#### How to complete this task
Would you transcribe exactly the lines from the one containing "Le Creuset Balti" to the last line of the data below, both ends included, but none of the pictures?

** Opening Working data block **

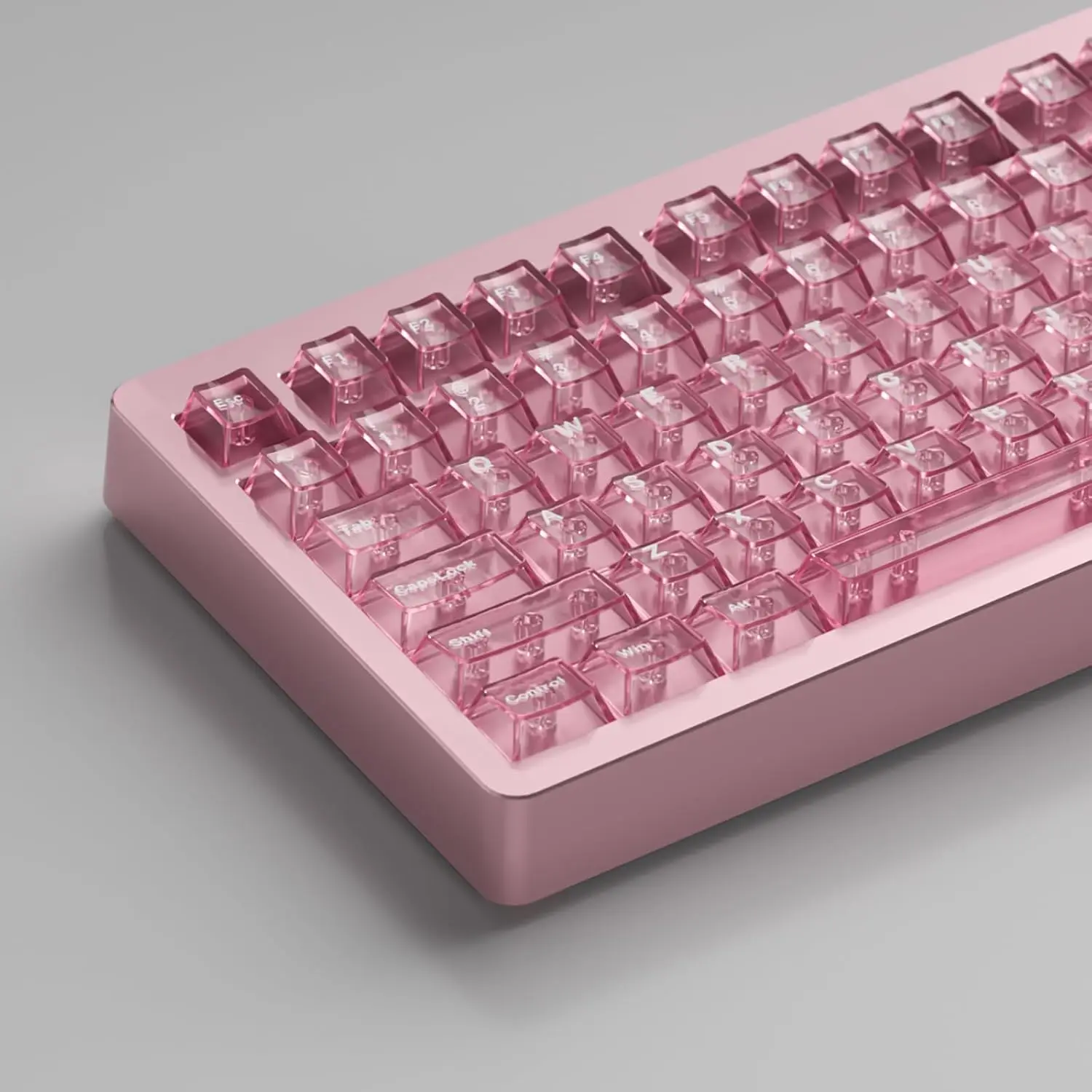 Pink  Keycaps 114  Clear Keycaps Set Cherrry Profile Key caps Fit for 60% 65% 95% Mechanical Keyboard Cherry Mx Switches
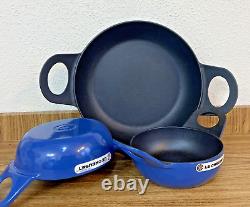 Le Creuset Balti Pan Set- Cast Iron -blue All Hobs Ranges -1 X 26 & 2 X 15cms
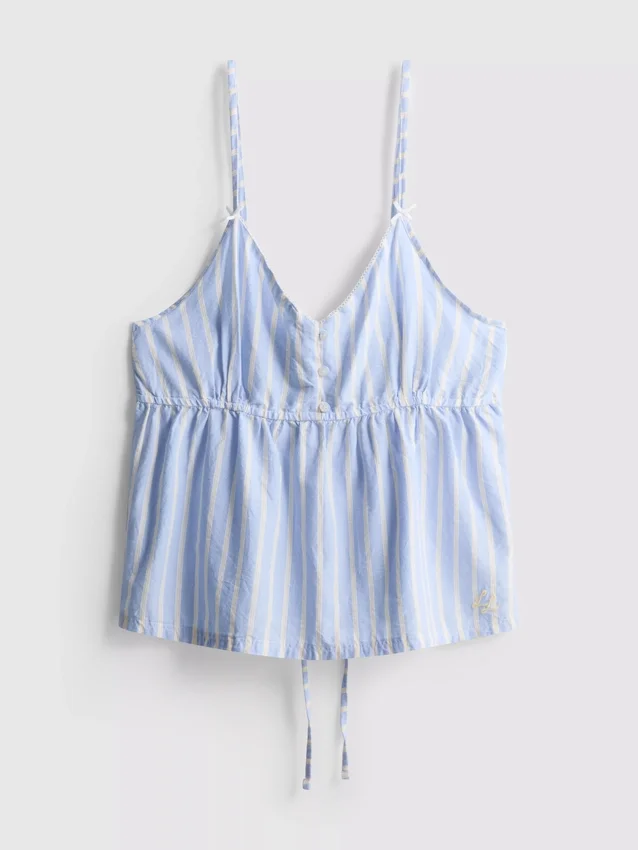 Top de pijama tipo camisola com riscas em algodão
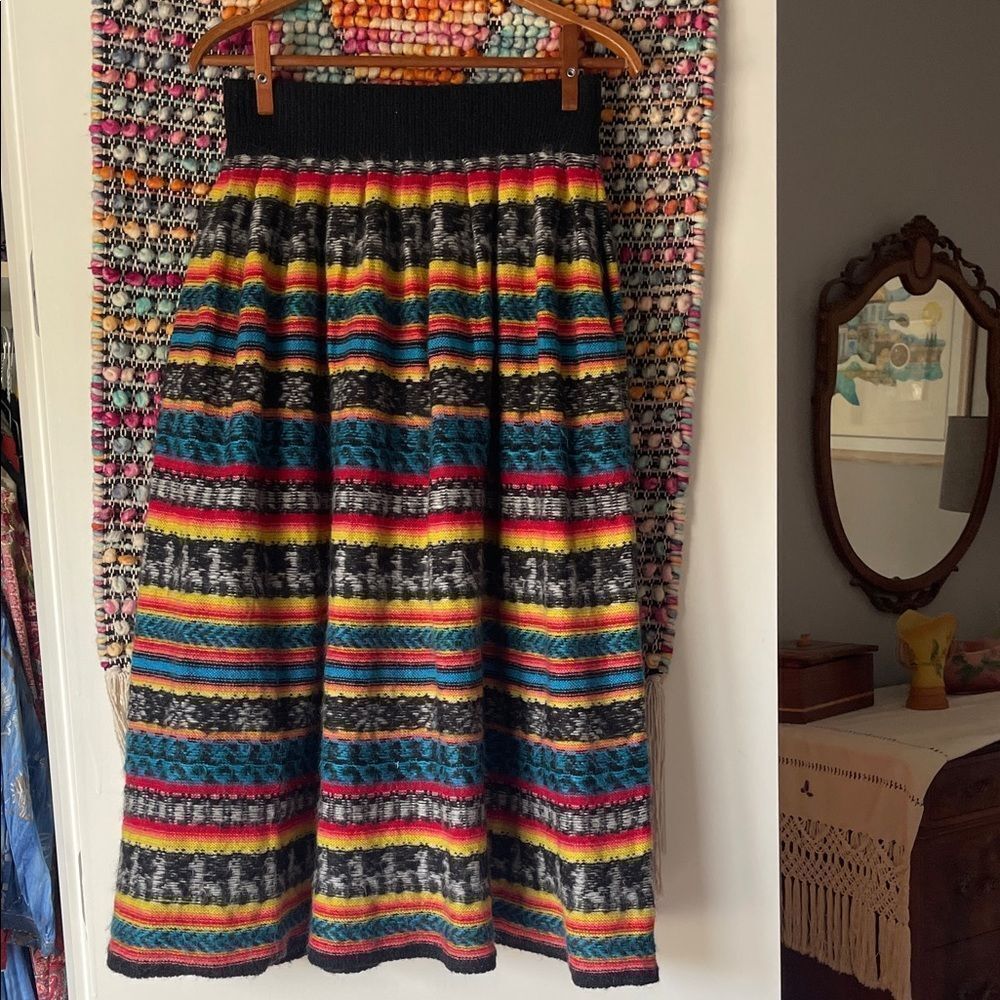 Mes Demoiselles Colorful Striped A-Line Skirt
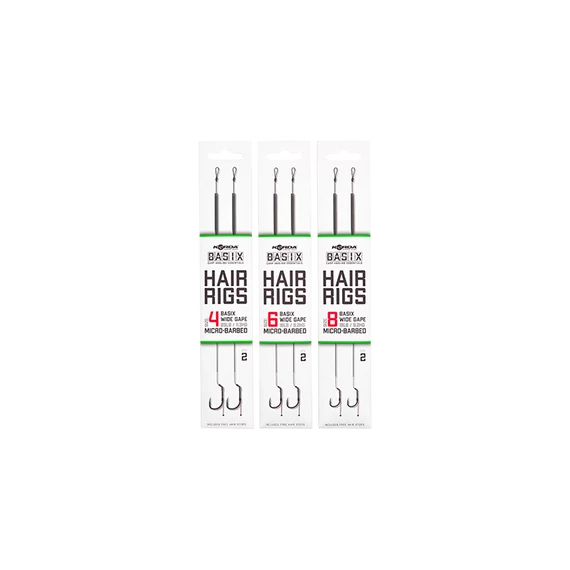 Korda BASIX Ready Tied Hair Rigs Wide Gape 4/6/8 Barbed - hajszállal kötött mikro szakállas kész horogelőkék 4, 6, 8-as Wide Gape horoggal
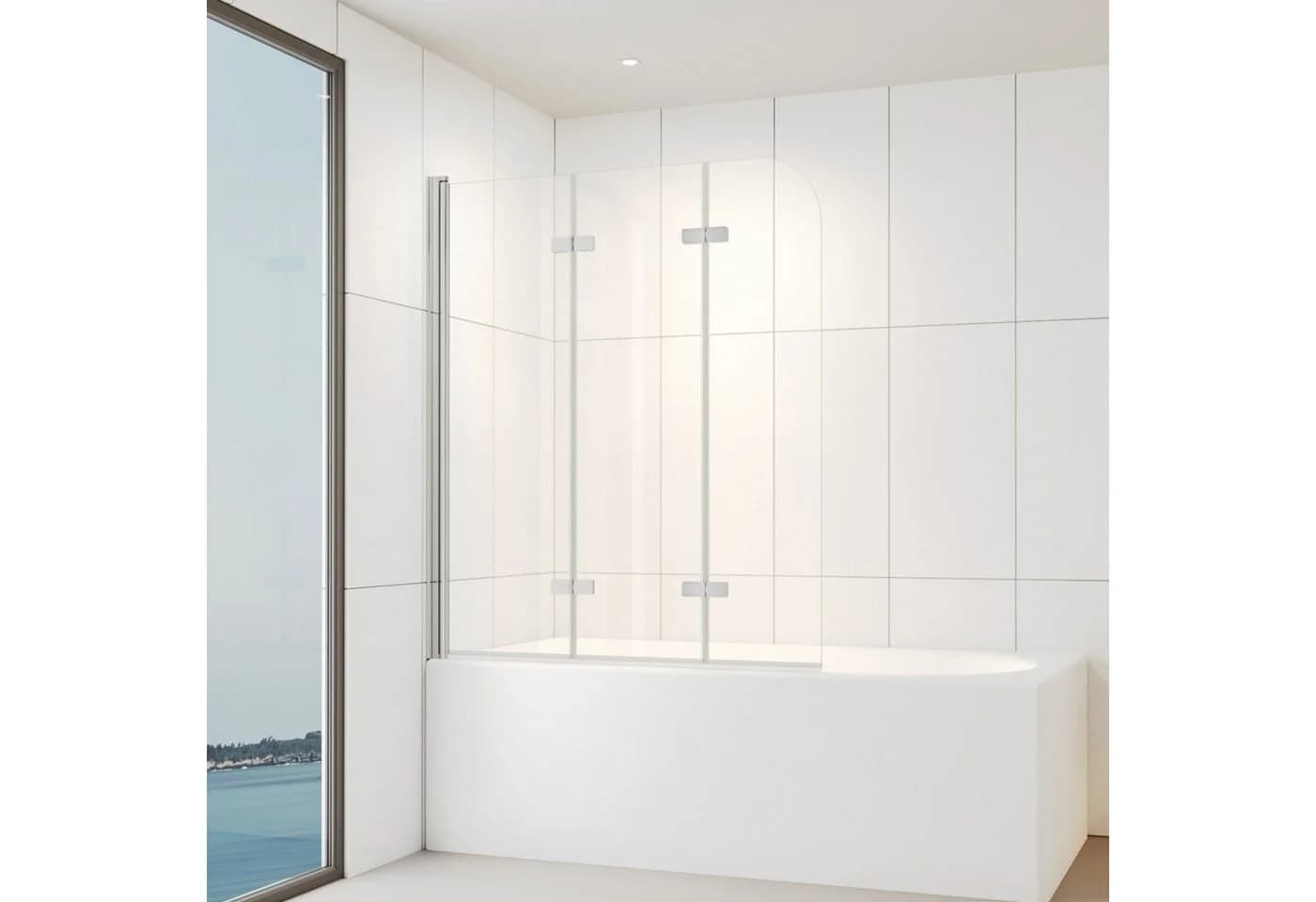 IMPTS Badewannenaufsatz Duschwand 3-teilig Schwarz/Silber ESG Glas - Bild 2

** Closing Working data block **

#### Answer section
 Le Creuset Balti Pan Set- Cast Iron -blue All Hobs Ranges -1 X 26 & 2 X 15cms
 Top de pijama tipo camisola com riscas em algodão
 Mes Demoiselles Colorful Striped A-Line Skirt
 Korda BASIX Ready Tied Hair Rigs Wide Gape 4/6/8 Barbed - hajszállal kötött mikro szakállas kész horogelőkék 4, 6, 8-as Wide Gape horoggal
 IMPTS Badewannenaufsatz Duschwand 3-teilig Schwarz/Silber ESG Glas - Bild 2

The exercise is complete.